The day after the Suns withdrew the offer, Brooks got a call from his old friend Bert Garcia asking him to come help with Viper youth camps. While he was in the area, Brooks met informally with Rockets general manager Daryl Morey and Rockets coach Kevin McHale about potentially returning to Houston as the starting point guard, since a disgruntled and unhappy Kyle Lowry had been traded to Toronto.
By mid-July Brooks had the Houston Rockets, Dallas Mavericks and Sacramento Kings requesting his point guard services for next year. On July 16 he announced that he would sign with the Kings, a two year deal worth $3.3 million. He also received a player option that allows him to opt out of the contract if his performance next season is deemed worthy beyond the $3.3 million guaranteed. He will serve as the primary backup to current Sacramento starter and former Washington Husky star Isaiah Thomas.

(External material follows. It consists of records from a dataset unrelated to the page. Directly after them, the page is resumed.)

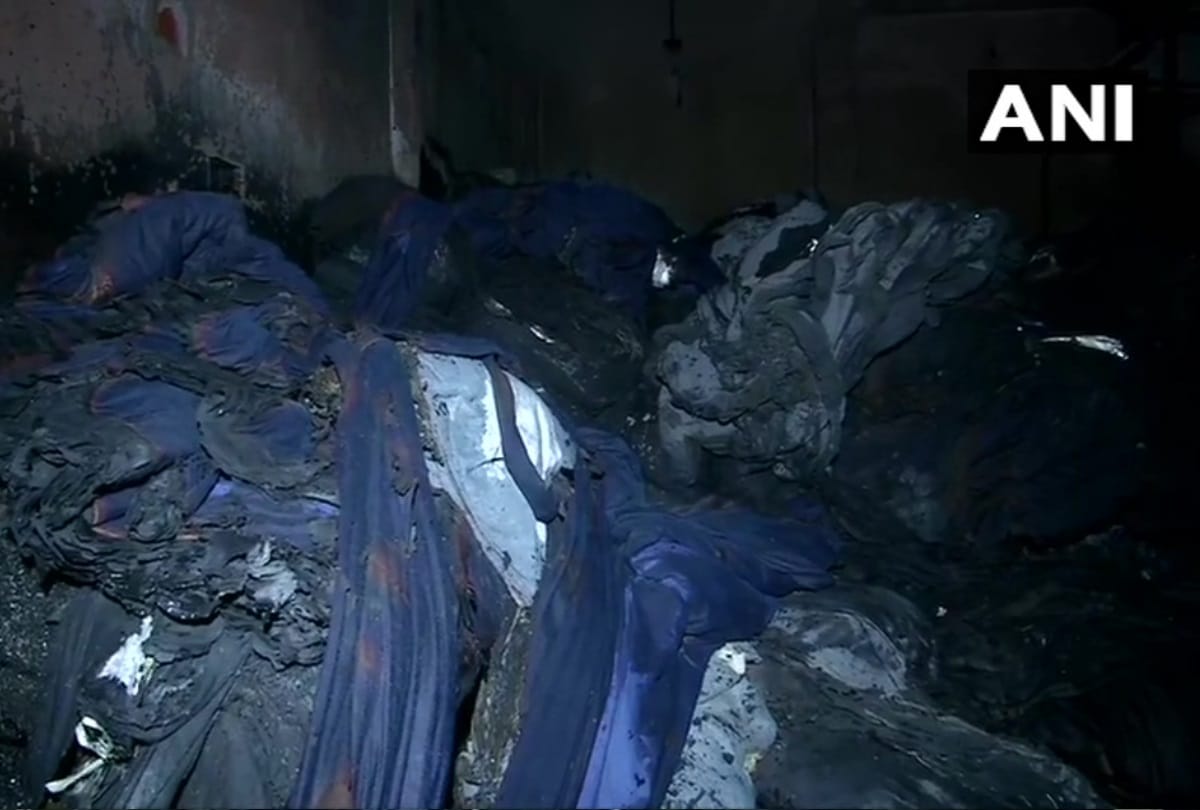 Delhi kirari fire 9 sleeping people died in powerful blaze in godown of 3 storey building photos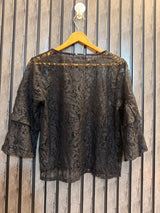 Chest 19  Lenght 21  Fabric net Stylish Western Crop Tops for Women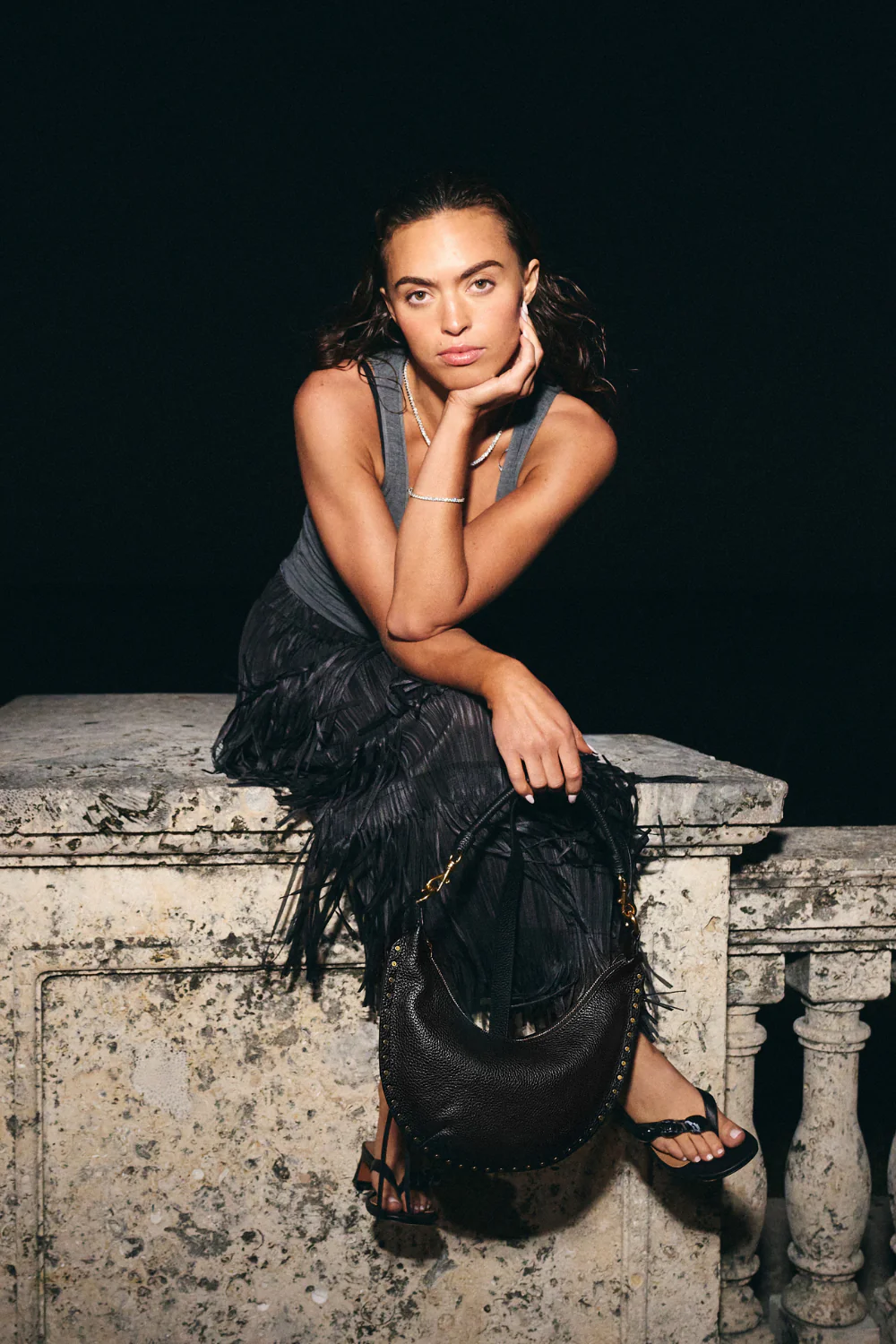 Darren Small Crescent Crossbody - Image 4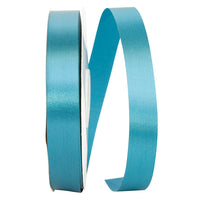 Teal Single Face Satin Ribbon 7/8 Inch for Wreaths and Bows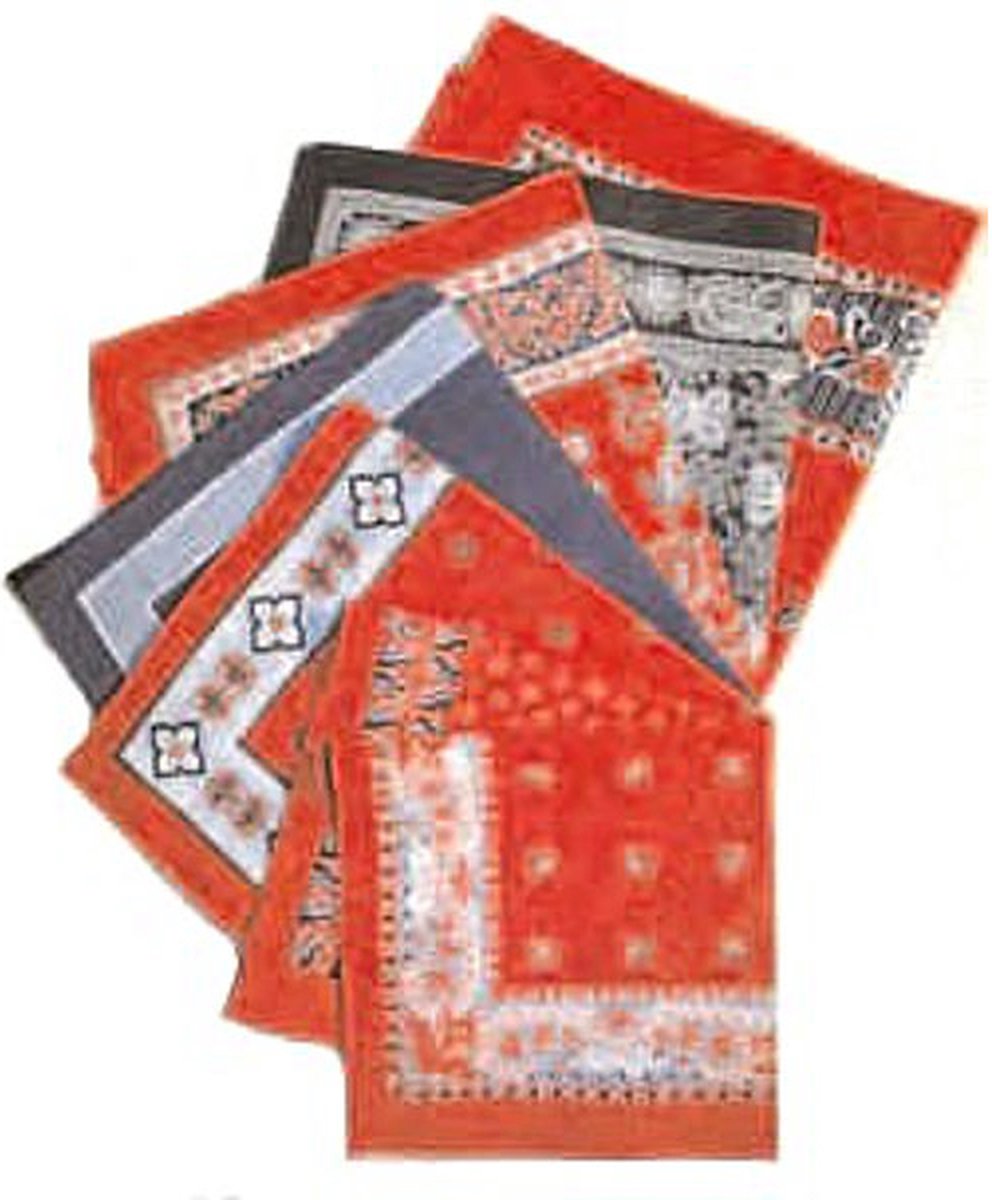 Boerenzakdoek rood 43x43cm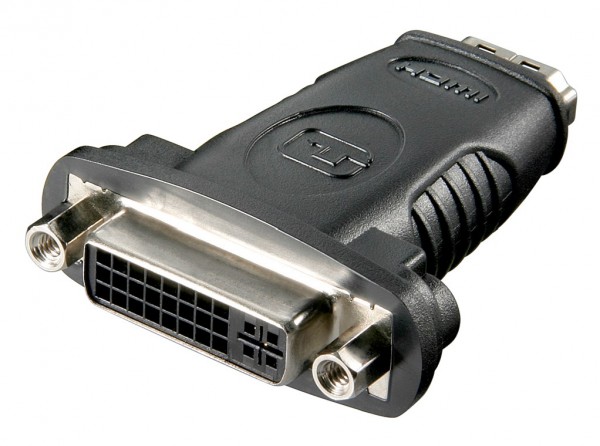 Goobay HDMI™/DVI-I-adapter, vernikkeld - HDMI™-bus (type A) > DVI-I-bus Dual-Link (24+5-polig)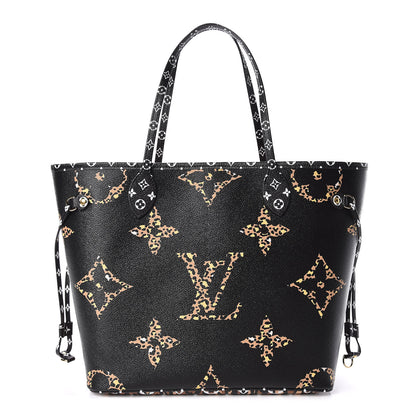 Louis Vuitton Monogram Giant Jungle Neverfull MM Black 3 of 11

Aaron Brooks did not spend his collegiate basketball career at a basketball powerhouse. As a result, he thought the hard part of trying to become an NBA player was getting drafted. Little did he know, for him, that was actually the easy part. The roughest ordeal of the 27 year-old’s journey thus far has been a lack of opportunity to show teams and scouts that he’s still got what it takes to play every day, and that his jaw-dropping crossovers and deep three-pointers those same teams and scouts saw while he was a Duck are still there.
Tim Hardaway, one of the best point guards ever to play in the NBA once said, “I didn’t like how my NBA career ended because I wanted to go out on my own terms. But nobody tried to believe in me, that I could go back and play. I can still play at 39.”
Aaron Brooks has spent the last five years trying to prove to NBA teams that he is someone to believe in. He did after all help head the Rockets into the 2009 playoffs. The former Duck spent the last year playing in China trying to prove to NBA teams that he can come back to the NBA and play even at 27. Aaron Brooks is finally back in professional basketball in the United States, but it took a hefty helping of passion and persistence to keep that flame going.
Nevertheless, with some Rěnnài and an ankle-breaking crossover move, The headband-wearing Agent 0 of old looks to make another drive at the NBA.